WHAT IS NEEDED
Go through the records and transcribe them exactly, passing over any picture.

RECORDS FOR THE TASK

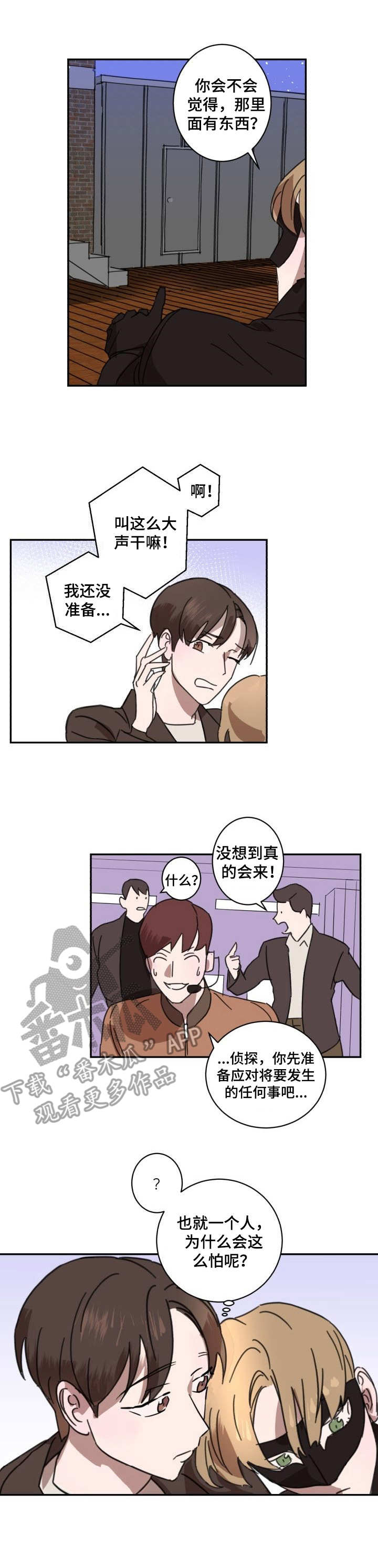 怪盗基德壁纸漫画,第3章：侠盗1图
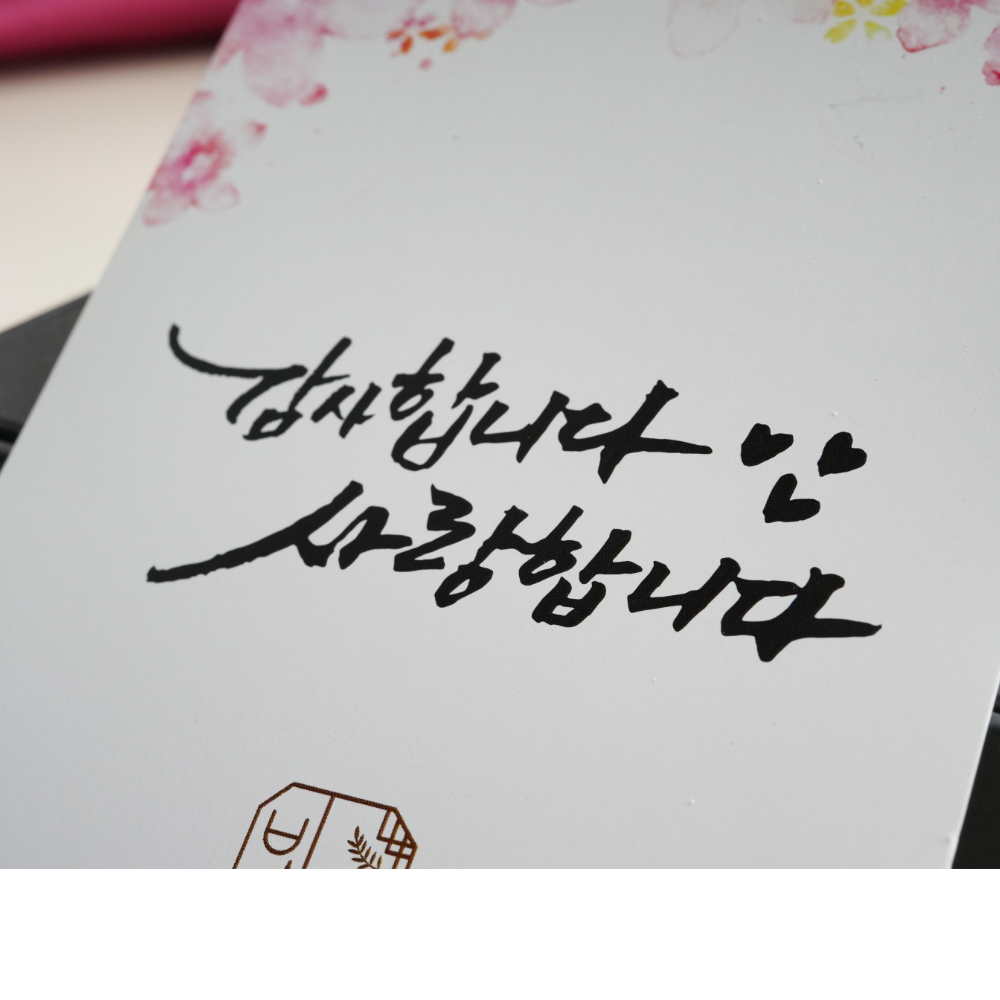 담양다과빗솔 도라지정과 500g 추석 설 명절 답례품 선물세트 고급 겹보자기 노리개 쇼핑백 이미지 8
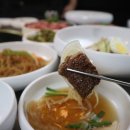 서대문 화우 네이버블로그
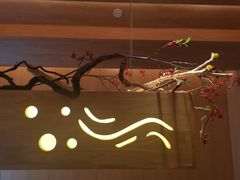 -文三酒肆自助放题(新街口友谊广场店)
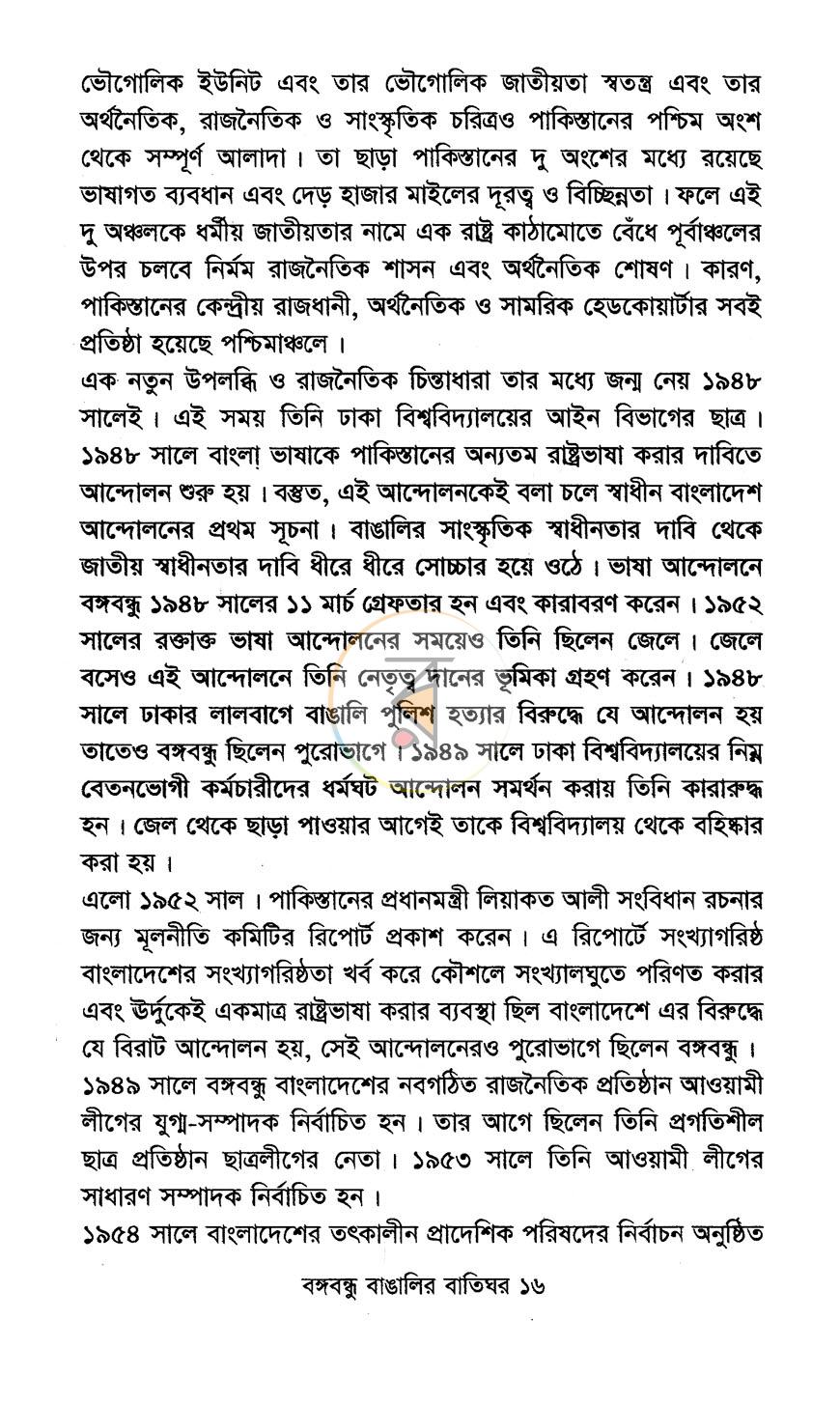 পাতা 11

EXERCISE SOLUTION
 怪盗基德壁纸漫画,第3章：侠盗1图
 담양다과빗솔 도라지정과 500g 추석 설 명절 답례품 선물세트 고급 겹보자기 노리개 쇼핑백 이미지 8
 서대문 화우 네이버블로그
 -文三酒肆自助放题(新街口友谊广场店)
 পাতা 11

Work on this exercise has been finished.